Fenwick to close 130-year-old New Bond Street department store - here’s why
Fenwicks confirms closure of 130-year-old New Bond Street department store in London
Fenwick has announced the closure of the 130-year-old New Bond Street store. The department store confirmed that it has agreed to sell the five storey building to property firm Lazari Investments for a reported £430 million.
In a statement, the company explained: "Amid the turbulent economic environment, fresh capital investment is required in order to return the business to profitable growth." The retailer was set up by the Fenwick family in 1882 with the Bond Street store opening in 1891.
The iconic store will remain open until 2024 before closing its doors for good. Fenwick’s chairman, Simon Calver, told the Times newspaper: “Decisions like this are always difficult but it is absolutely the right thing for the business. This was about what we need to do to ensure the business is on a really strong financial footing and can survive for another 140 years.”

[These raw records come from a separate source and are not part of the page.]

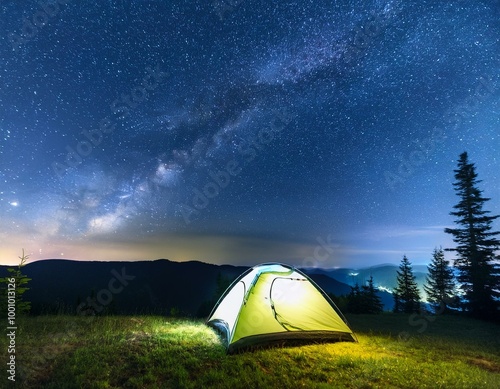 illuminated camping tent at night with a starry sky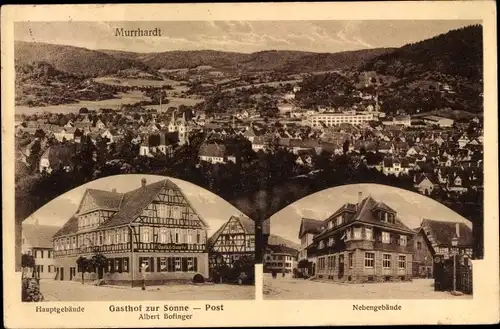 Ak Murrhardt in Württemberg, Gesamtansicht, Gasthof zur Post, Post, Nebengebäude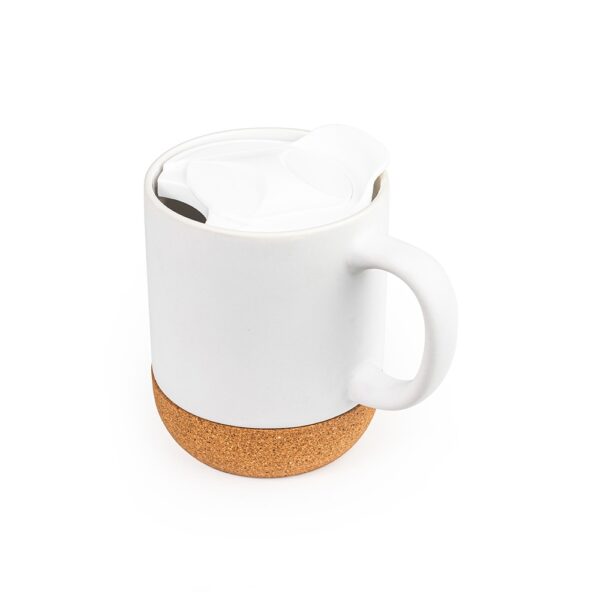 Caneca Porcelana 350ml Tampa e Base em Cortiça S02251 - Image 5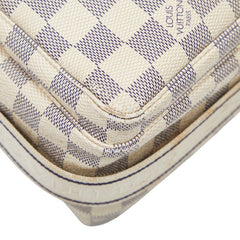 ルイ ヴィトン ダミエ アズール ナヴィグリオ ショルダーバッグ N51189 ホワイト PVC レザー レディース LOUIS VUITTON 【中古】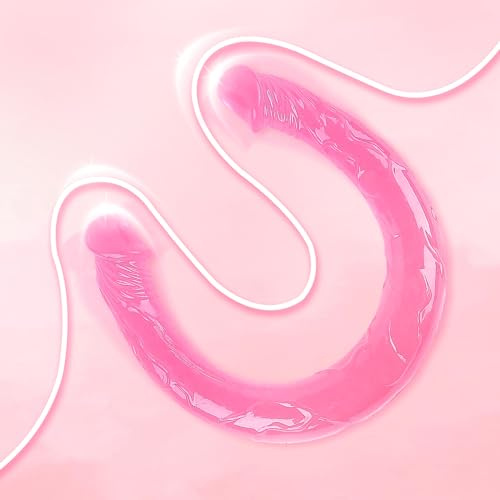 DN-Pink 18.11 Inch Both Ends Play for Man and Women Realistic Classic Hands-Free Suction Cup Double Ended Tool Real Feel Soft Flexible for Relaxation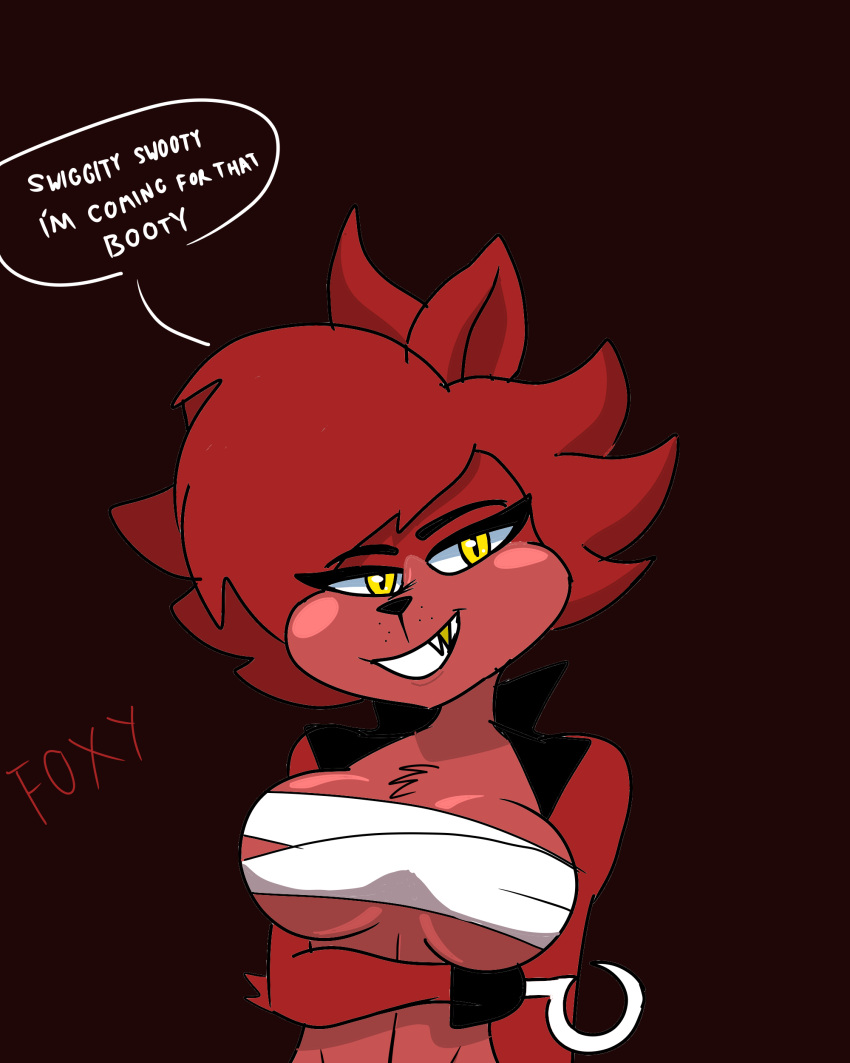 absurd_res animal_humanoid anthro breasts canid canid_humanoid canine canine_humanoid clothed clothing female feral five_nights_at_freddy's fox fox_humanoid foxy_(cally3d) foxy_(fnaf) fur hair hi_res humanoid hybrid lagomorph lagomorph_humanoid mammal mammal_humanoid scottgames simple_background smile synt84 text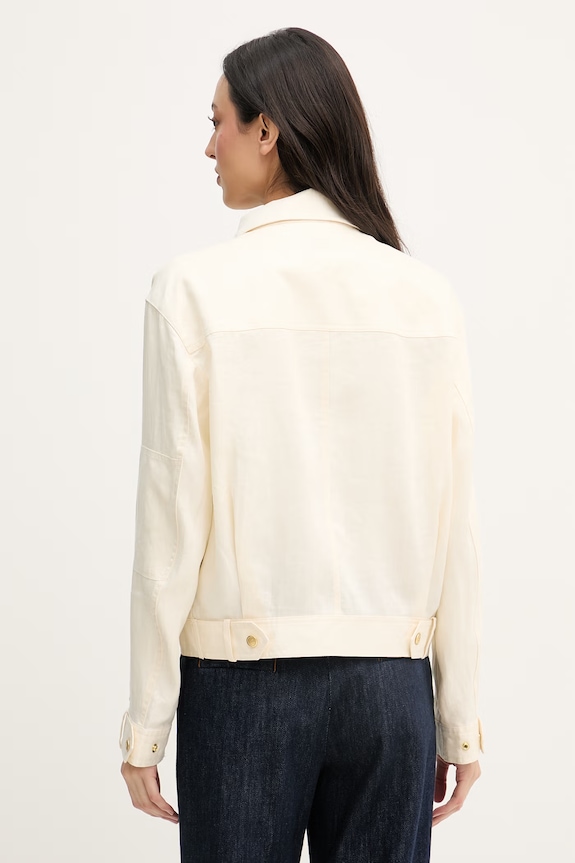 Oblečenie Tommy Hilfiger bunda dámska ľanová WW0WW48616 béžová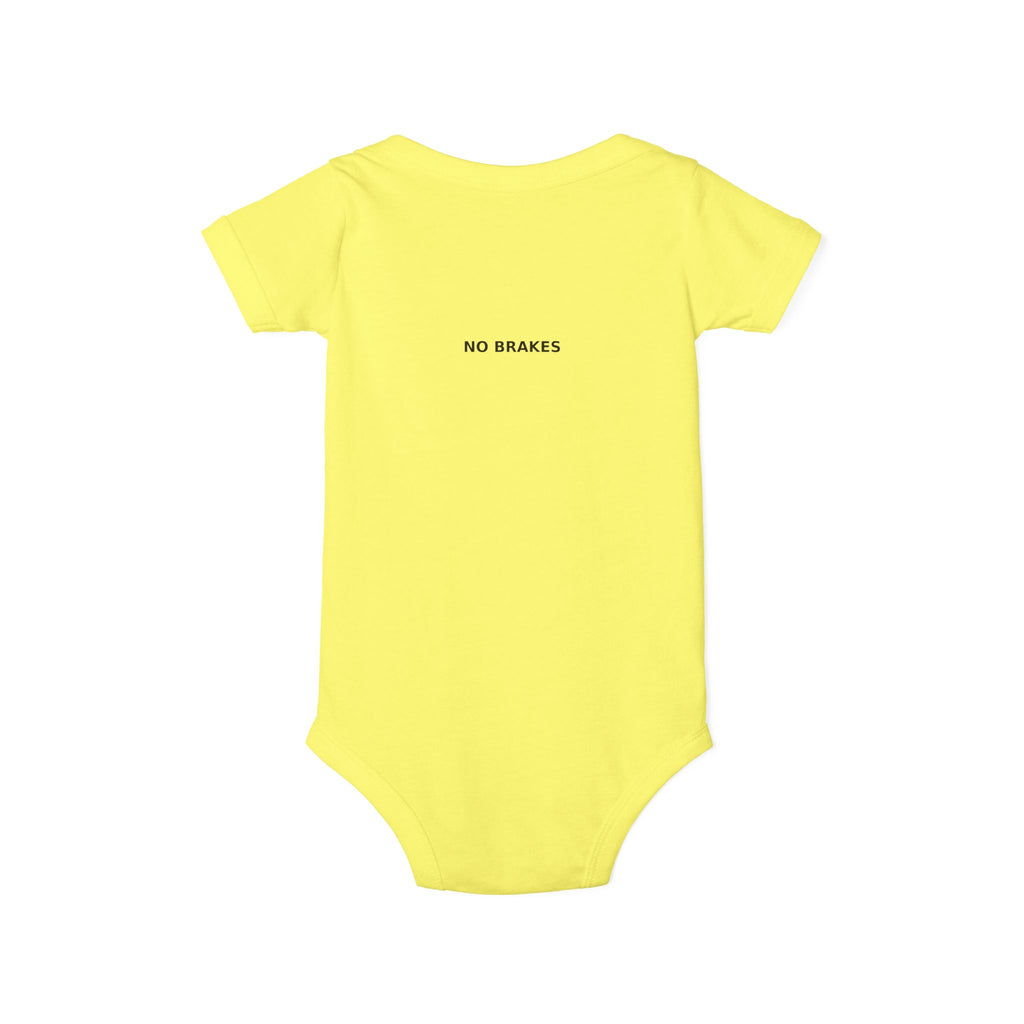 Infant One-Piece Bodysuit — ‘No Brakes’ Retro Motorcycle Chest Graphic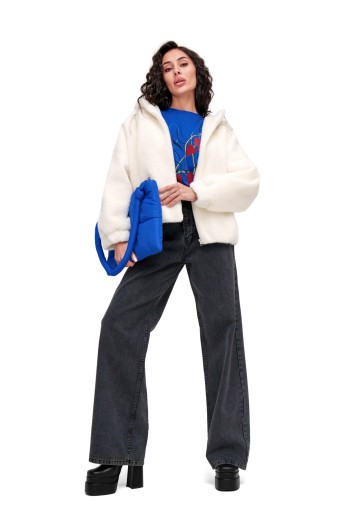 Коротка шубка з капюшоном «Люксі» біла утеплене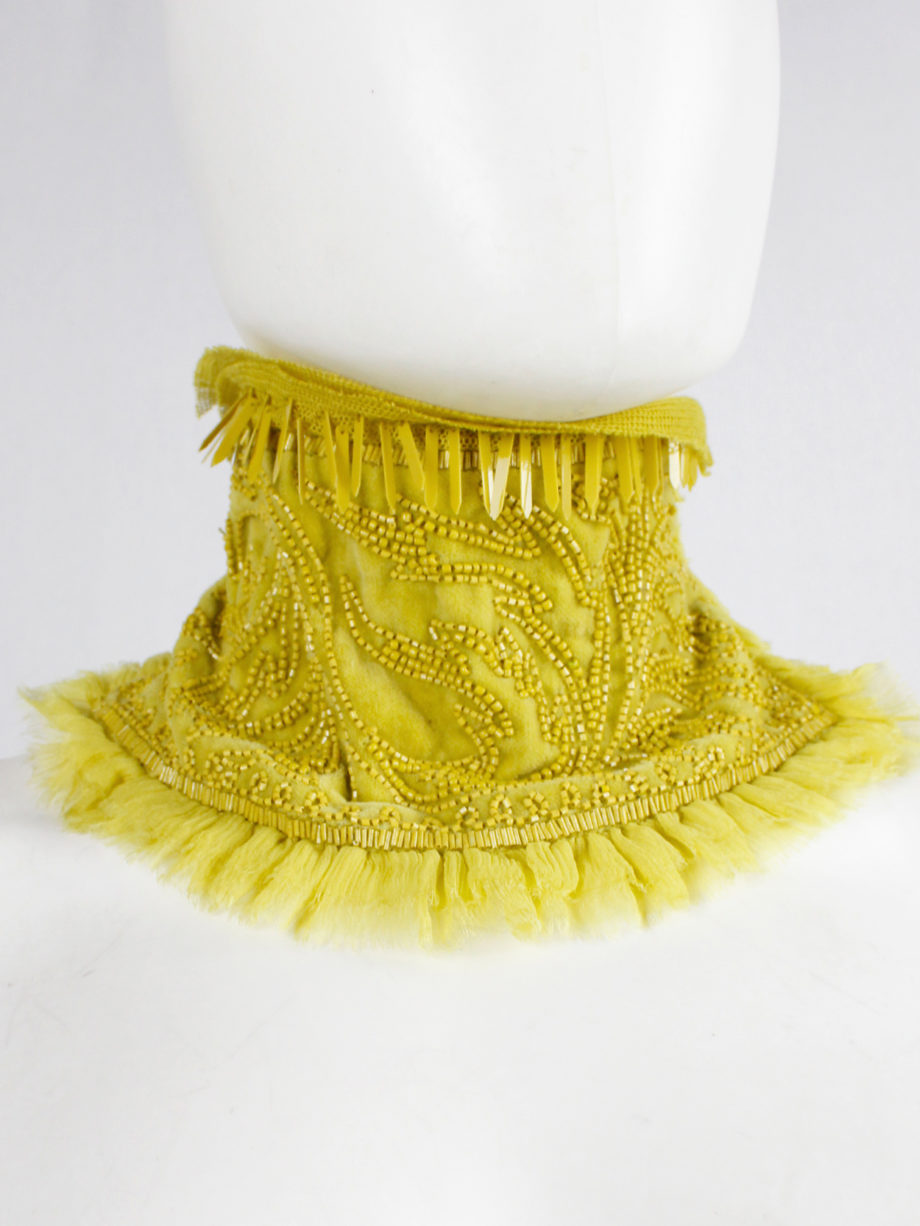 Dries Van Noten yellow beaded Edwardian collar with droplet sequins — spring 2017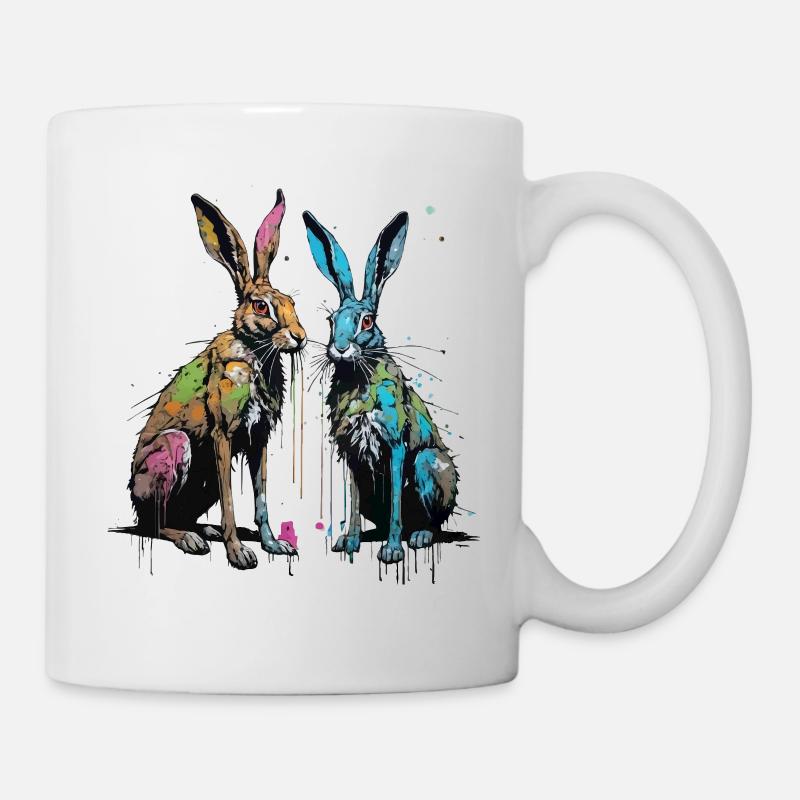 Deux lapins de street art - Mug blanc - blanc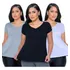 Kit 3 Blusas Bata Evasê Feminina Soltinha Academia Fitness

The sale is set to allow for further investment in their other stores such as their flagship on Northumberland Street in Newcastle which posted sales of £240 million for the year to January 2022. However, it also suffered a £5 million pre-tax loss as Covid restrictions forced it to temporarily close its stores.
Fenwicks said it didn’t have plans for further store closures and would seek to redeploy Bond Street staff at other stores where possible. The Fenwicks brand has made major closures over the past decade including in Leicester and Windsor.
The move would see Fenwick’s physical presence on the high street down to eight department stores including Newcastle, Kingston, Brent Cross, Colchester, Canterbury, Bracknell, Tunbridge Wells and York alongside its growing online platform.
The news comes two months after Fenwick published its latest accounts, covering the year ended January 28 2022. The report showed they had narrowed its operating losses to £18.3m, and net sales showed “considerable improvement”, rising 69% to £201.3m. But amid the current economic environment, it said that fresh capital investment was needed to return the business to profitable growth.
CEO John Edgar spoke on the report saying: “The capital injection from this transaction will put Fenwick in a much stronger position to grow its online business and concentrate on cementing our position as the home of excellent hospitality and a premium retail edit. After considering a range of different options, it was decided that selling the Bond Street property is the right course of action to set us on the strongest possible footing for the future.”
Calver also said: “This year Fenwick marked 140 years as a successful British retailer, and this deal will enable the business to continue to serve communities in stores and online for many years to come. The sale has been a difficult decision for the Fenwick family, who are committed to providing the business with the means to thrive for the long term. Their support will enable the next stage of the journey for the Fenwick family business.”